Mutual funds have become the most popular investment option for salaried employees and self-employed professionals, offering a practical means of growing wealth. They can potentially deliver higher returns than traditional options, like fixed deposits, by leveraging market-linked investments.
Every mutual fund comes with two options available to investors – 1) Direct Plan, which is an investment directly with an AMC and 2) Regular Plan, which comes through intermediaries. However, many are left wondering which to choose in India’s ₹68,04,913 crore mutual fund market as of November 2024.
In this article, we are going to simplify the differences, benefits, and factors to consider when choosing between direct vs regular mutual funds.
Understanding Direct Mutual Funds
Direct mutual funds are investment schemes bought directly from an Asset Management Company (AMC) without involving any intermediary. Investors can access these funds through the AMC’s website, by visiting their office, or by consulting a SEBI-registered Investment Advisor (RIA).
One of the greatest benefits of direct mutual funds is their lower expense ratio. There are no distributor commissions, which means that the investor saves on additional costs and can potentially get higher returns over time. Such funds are suitable for investors who are comfortable with researching and managing their investments independently or with the help of a trusted RIA.
By cutting out the middlemen, direct mutual funds are more transparent and cost-effective, which is why they are a favourite among informed and self-directed investors.

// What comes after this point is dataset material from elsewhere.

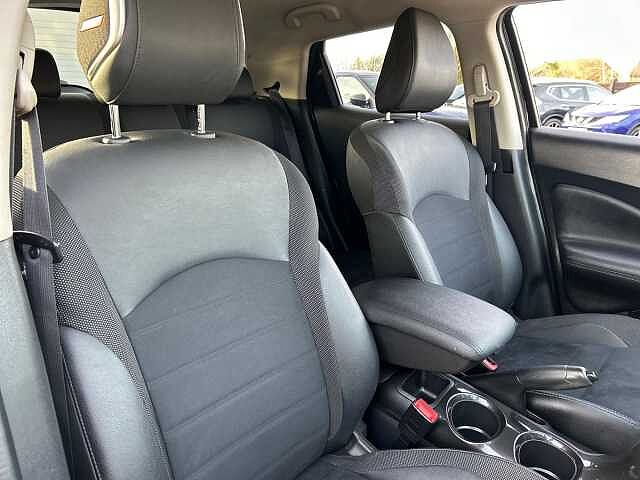 Nissan Juke 1.6 Bose Personal Edition SUV 5dr Petrol Manual Euro 6 (112 ps)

Understanding Regular Mutual Funds
Regular mutual funds are investments made through intermediaries such as brokers or mutual fund distributors. These intermediaries, registered with an AMFI Registration Number (ARN), are licensed to help investors make mutual fund choices.
A main advantage of regular funds is the advisory assistance offered by intermediaries. They assist investors in understanding different mutual fund schemes and risk appetite assessments and aligning their investments to financial goals. An intermediary supports new entrants into the investment process and people who do not have time for portfolio management.
However, regular mutual funds charge a higher expense ratio since it involves the trial commissions paid to the intermediary as part of the cost. This, though costly, may well be offset by expert advice and the convenience it brings for many investors.
Difference Between Regular and Direct Mutual Funds
Below is an elaborated table showing the difference between direct vs regular mutual funds:
Points | Direct Mutual Funds | Regular Mutual Funds |
Expense Ratio | Lower, as no commissions are paid to intermediaries, resulting in cost savings. | Higher, as a part of the cost, includes trail commissions paid to intermediaries like brokers or distributors. |
Intermediary | Purchased directly from the AMC through their website, app, or office. | Purchased through brokers, distributors, or wealth advisors who receive commissions for their services. |
Convenience | Investors manage their investments independently via AMC platforms or tools like Torus Digital. | Requires interaction with intermediaries for purchases, changes, or any transactional updates. |
Returns | Higher returns are due to the lower expense ratio, with differences ranging from 0.5% to 1%. | Comparatively lower returns, as commissions reduce the final returns earned by investors. |
Net Asset Value (NAV) | Higher NAV, as the lower expense ratio, allows more of the fund’s value to be allocated to investments. | Lower NAV, as the higher expense ratio reduces the portion of the fund value allocated to investments. |
Risk of Misleading | Minimal risk, as there are no intermediaries whose interests might conflict with those of the investor. | Some risk, as agents might prioritise commissions over the investor’s best interests. |
Investor Control | Full control, requiring investors to research, compare funds, and manage their portfolios themselves. | Little control over investment decisions and information from the intermediaries; not as direct as it may seem. |
Regular vs Direct Mutual Funds: Which One Should You Choose?
The choice between direct vs regular mutual funds mostly depends on intermediaries and all their associated costs. Here is how you can decide which is better for you:
- Direct Mutual Funds: The investors directly buy fund units from the Asset Management Company (AMC), resulting in a lesser expense ratio without commission fees. This means the returns are higher, especially in the long term. Direct plans attract mainly seasoned investors who are confident about managing their portfolios themselves.
- Regular Mutual Funds: In this case, there are intermediaries like brokers or financial advisors who offer their services, including portfolio management and investment advice. While these plans incur higher expense ratios because of the commissions paid to the intermediaries, investors benefit from professional advice, which is particularly useful for novice investors lacking market knowledge.
The final decision between regular and direct mutual funds depends on the investor’s needs and whether they require professional help. A direct plan provides greater control and a possible saving on fees, whereas a regular plan offers convenience and professional guidance.
Knowing the difference between direct and regular mutual funds will help you make an informed investment decision that suits your financial goals.
Final Thoughts
By now, you should have a clear understanding of the differences between direct vs. regular mutual funds. Direct funds, with no commissions, offer cost savings and higher returns, making them ideal for experienced investors. However, if you are new or lack expertise, investing in regular plans with intermediary support can be a better choice.
Keep in mind that investing in mutual funds carries risks from low to high. Staying informed, monitoring market trends, and reviewing your portfolio regularly is key to achieving your financial goals.